BURN PILE: No Redemption for Cohen, Heaney’s last SMS, reading like Douglass, Tolkien’s watercolors, and remembering Anthony Hollander

As we bid (perhaps futilely) winter farewell, CutBank brings you a list of articles featuring some illustrious and/or notorious individuals for this week’s Burn Pile.

We would be either quite forgetful or hermitlike if we didn’t feature Michael Cohen and his testimony to the House Oversight Committee. Over at LitHub, Timothy Denevi asserts that there is no redemption for Cohen.

And if Cohen’s testimony or Denevi’s article has convinced you or perhaps reinvigorated your desire to be a better person, a better person like maybe Frederick Douglass, the good folks over at Lapham’s Quarterly have provided you with Douglass’ reading recommendations.

Or maybe you’re looking for something more fantastical, more visual. Look no further than The Paris Review’s feature on Tolkien inspired imagery.
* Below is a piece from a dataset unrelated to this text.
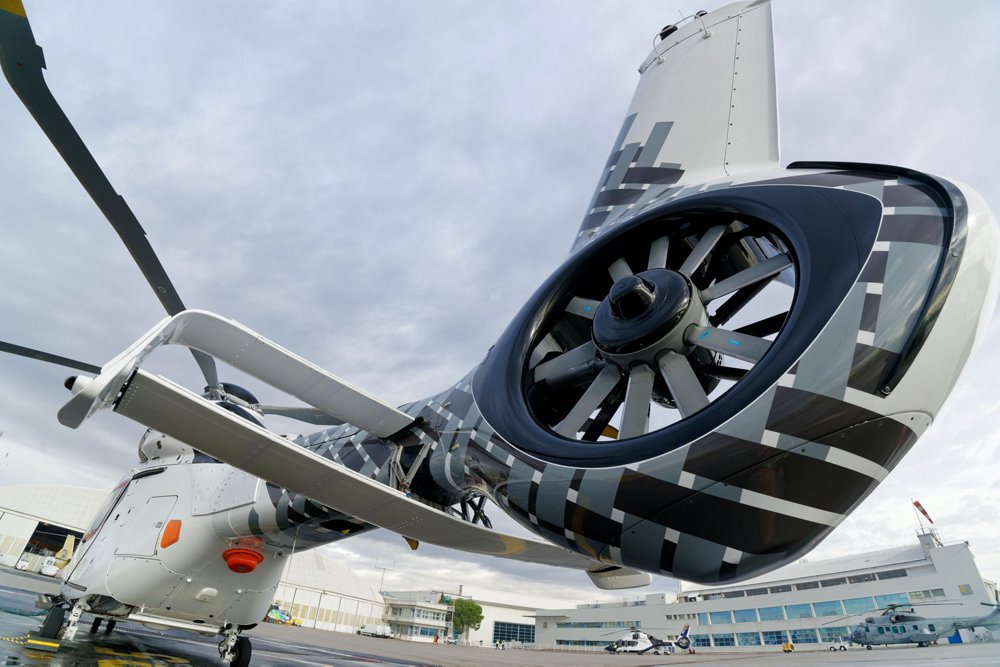 空中客车直升机H160的特写镜头视图，包括最乐动体育app靠谱吗大的FeneStron®罩尾桨，这是在12°时的双倾斜。成角度，以进一步提高抗扭矩控制效率。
Who wouldn’t want a sunny jaunt through the Shire right about now?

For the more aurally-inclined, The Millions remembers one of the great audiobook narrators, Anthony Hollander. His antics are never to be forgotten (except perhaps by David Foster Wallace fans).

Finally, we’d like to recommend John West’s article about Nobel prize-winning poet Seamus Heaney’s final text message to his wife: “Noli timere.”

We couldn’t leave you with a better wish than Heaney. Be not afraid.